==== The input

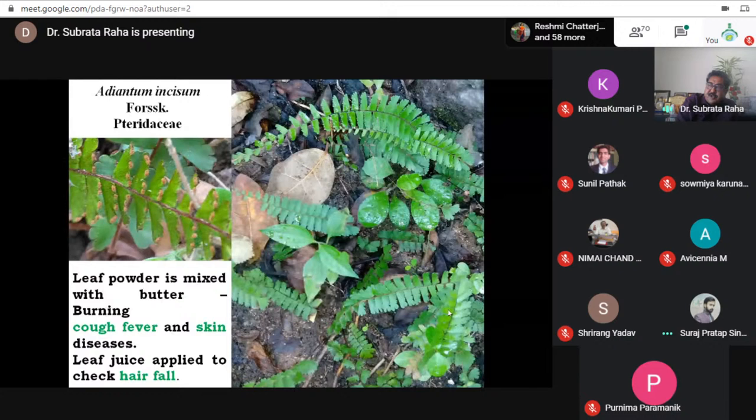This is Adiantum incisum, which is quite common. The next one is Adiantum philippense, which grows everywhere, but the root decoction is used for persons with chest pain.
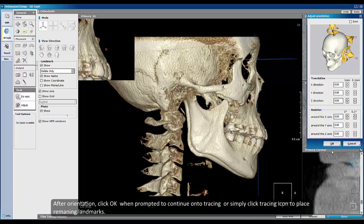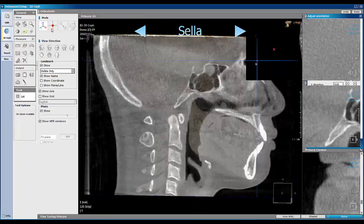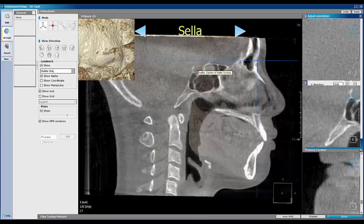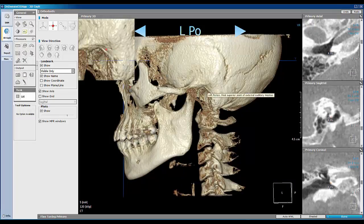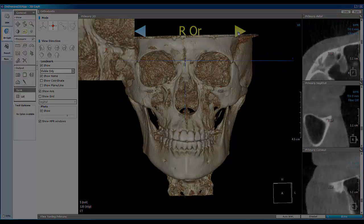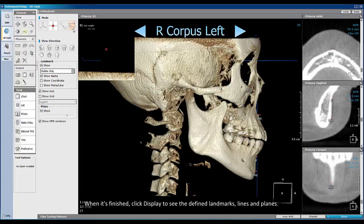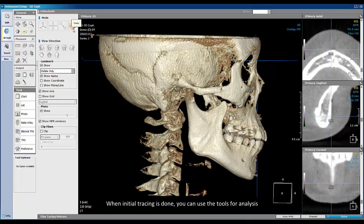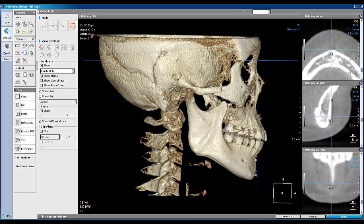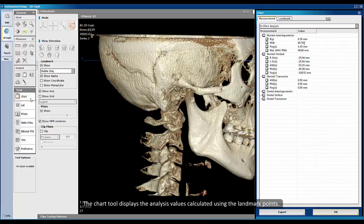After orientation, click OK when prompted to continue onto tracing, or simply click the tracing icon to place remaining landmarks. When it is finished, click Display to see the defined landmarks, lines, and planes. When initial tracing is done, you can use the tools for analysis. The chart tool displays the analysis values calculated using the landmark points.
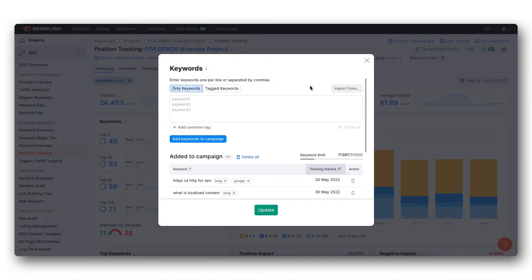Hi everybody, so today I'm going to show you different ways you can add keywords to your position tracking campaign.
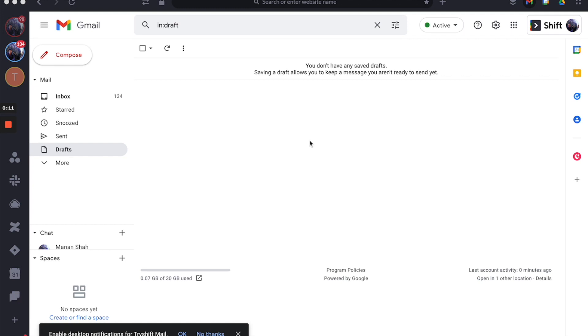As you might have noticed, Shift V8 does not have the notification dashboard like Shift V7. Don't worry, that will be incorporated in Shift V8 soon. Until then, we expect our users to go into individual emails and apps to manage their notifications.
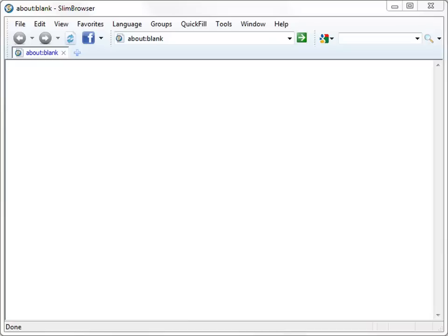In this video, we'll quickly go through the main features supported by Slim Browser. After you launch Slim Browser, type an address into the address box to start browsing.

========

• _Work required_:
Copy only the part of the records that runs from the first line to the line with "Hi everybody, so", ends included, leaving pictures out.

• _Output of the task_:
This is Adiantum incisum, which is quite common. The next one is Adiantum philippense, which grows everywhere, but the root decoction is used for persons with chest pain.
After orientation, click OK when prompted to continue onto tracing, or simply click the tracing icon to place remaining landmarks. When it is finished, click Display to see the defined landmarks, lines, and planes. When initial tracing is done, you can use the tools for analysis. The chart tool displays the analysis values calculated using the landmark points.
Hi everybody, so today I'm going to show you different ways you can add keywords to your position tracking campaign.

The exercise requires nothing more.